The Lord also desires to come to each of us.

He comes to us in a very tangible way through the consecrated Host and Precious Blood at Mass, but His power is not limited to time and space.

The Lord can come into our hearts and souls at anytime — all we have to do is ask and have faith!

My Suggestion

If you don’t already do so, I recommend making a Spiritual Communion daily.

Remember, you can do this anytime and anywhere; however, it helps to have a routine when beginning something new.

Try setting aside five minutes each day for this practice. You can use one of the formal prayers above or your own words. (I make a Spiritual Communion daily and prefer to use a formal prayer.)

If you ever spend time with the Blessed Sacrament, in the tabernacle or exposed in the monstrance for Adoration, you might already make a Spiritual Communion without even realizing it!

I stated in my previous post that when a person develops a devotion to the Eucharist, there’s an internal longing to be with Him. This longing is the essence of Spiritual Communion.

Not a Replacement

It’s important to note that for Catholics, Spiritual Communion is not a replacement for receiving the Eucharist at Mass on Sunday.

It’s a supplement, a way to remain close to Jesus throughout the week.

There are very limited circumstances where a Spiritual Communion could be made in place of receiving Holy Communion on Sunday:

  • If one attends Mass in a state of mortal sin and cannot receive the Eucharist. If anyone is in this situation, they would make a Spiritual Communion at Mass, then find a priest to hear their Confession as soon as possible. (Click here for a short video that explains the difference between mortal and venial sin.)
  • If one cannot attend Mass because of a serious reason (e.g. sickness, snowstorm or natural disaster, car breaks down while driving there). If anyone is in this situation, they would make a Spiritual Communion, then attend Mass as soon as possible. They would also tell the priest that Mass was missed the next time they go to Confession.

The Point

Spiritual Communion is a beautiful act that draws us closer to Jesus.

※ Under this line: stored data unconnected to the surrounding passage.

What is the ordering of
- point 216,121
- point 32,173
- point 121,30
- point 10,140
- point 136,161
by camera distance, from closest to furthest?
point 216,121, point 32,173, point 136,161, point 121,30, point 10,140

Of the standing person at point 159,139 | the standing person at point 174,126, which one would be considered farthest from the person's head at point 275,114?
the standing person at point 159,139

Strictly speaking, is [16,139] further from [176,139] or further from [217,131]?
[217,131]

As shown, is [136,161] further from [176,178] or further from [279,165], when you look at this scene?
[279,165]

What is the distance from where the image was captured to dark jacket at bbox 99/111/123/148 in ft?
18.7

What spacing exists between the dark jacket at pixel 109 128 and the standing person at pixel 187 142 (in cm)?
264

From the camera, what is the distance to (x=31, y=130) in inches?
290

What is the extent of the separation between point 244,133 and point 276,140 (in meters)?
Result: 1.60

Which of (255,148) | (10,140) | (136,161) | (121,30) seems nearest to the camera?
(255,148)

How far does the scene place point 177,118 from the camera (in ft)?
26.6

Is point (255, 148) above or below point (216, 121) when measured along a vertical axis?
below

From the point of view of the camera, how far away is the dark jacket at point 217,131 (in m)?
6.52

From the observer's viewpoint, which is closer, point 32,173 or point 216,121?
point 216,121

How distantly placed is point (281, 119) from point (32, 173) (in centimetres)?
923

It increases our devotion to the Blessed Sacrament, which is of great benefit to us now and at the end of our lives.

It helps us to focus our attention on the Lord and remain connected to Him.

God loves us more than we could ever know and desires to be intimately united with each one of us.

Sacramental and Spiritual Communion enable us to reciprocate and enter into that love.

The Eucharist is a sacrifice of thanksgiving to the Father, a blessing by which the Church expresses her gratitude to God for all his benefits, for all that he has accomplished through creation, redemption, and sanctification. Eucharist means first of all “thanksgiving” (Catechism, 1360).

As we prepare to celebrate Thanksgiving Day in the United States, let us give thanks to God for His presence in our lives and the incredible gift of the Eucharist!

“There is nothing so great as the Eucharist. If God had something more precious, He would have given it to us.” ~ St. Jean Vianney

5 thoughts on “The Eucharist Part II: Spiritual Communion

  1. I am a little confused because I believe that my prayer is very much a request for Spiritual Communion ( I am using that terminology now because you just taught me the meaning). When I pray I ask God to take me and/or enter my heart and lead me to do His will; and accept His will.
    I learned a lot from reading this. Thank you!

    Liked by 1 person

    • Donna, that’s a beautiful way to pray and sounds very much like Spiritual Communion. The intention of our prayer is what matters most, but sometimes knowing the terminology helps us go deeper in our spiritual life. I’m glad you learned from the post. Thanks for sharing your faith!